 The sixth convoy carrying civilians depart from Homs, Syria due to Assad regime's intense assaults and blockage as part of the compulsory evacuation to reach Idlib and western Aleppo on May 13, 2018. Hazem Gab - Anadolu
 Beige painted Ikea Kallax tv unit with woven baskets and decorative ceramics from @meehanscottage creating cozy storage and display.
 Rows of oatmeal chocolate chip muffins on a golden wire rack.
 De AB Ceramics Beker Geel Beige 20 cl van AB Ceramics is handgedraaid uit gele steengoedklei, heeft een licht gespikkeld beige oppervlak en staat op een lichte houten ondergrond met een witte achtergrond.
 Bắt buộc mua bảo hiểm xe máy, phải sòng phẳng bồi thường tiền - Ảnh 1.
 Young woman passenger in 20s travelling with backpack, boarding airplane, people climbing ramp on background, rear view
•••••
• _Problem_: Using the listing above, report each line that mentions the word "Beige".

• _Response box_:
 Beige painted Ikea Kallax tv unit with woven baskets and decorative ceramics from @meehanscottage creating cozy storage and display.
 De AB Ceramics Beker Geel Beige 20 cl van AB Ceramics is handgedraaid uit gele steengoedklei, heeft een licht gespikkeld beige oppervlak en staat op een lichte houten ondergrond met een witte achtergrond.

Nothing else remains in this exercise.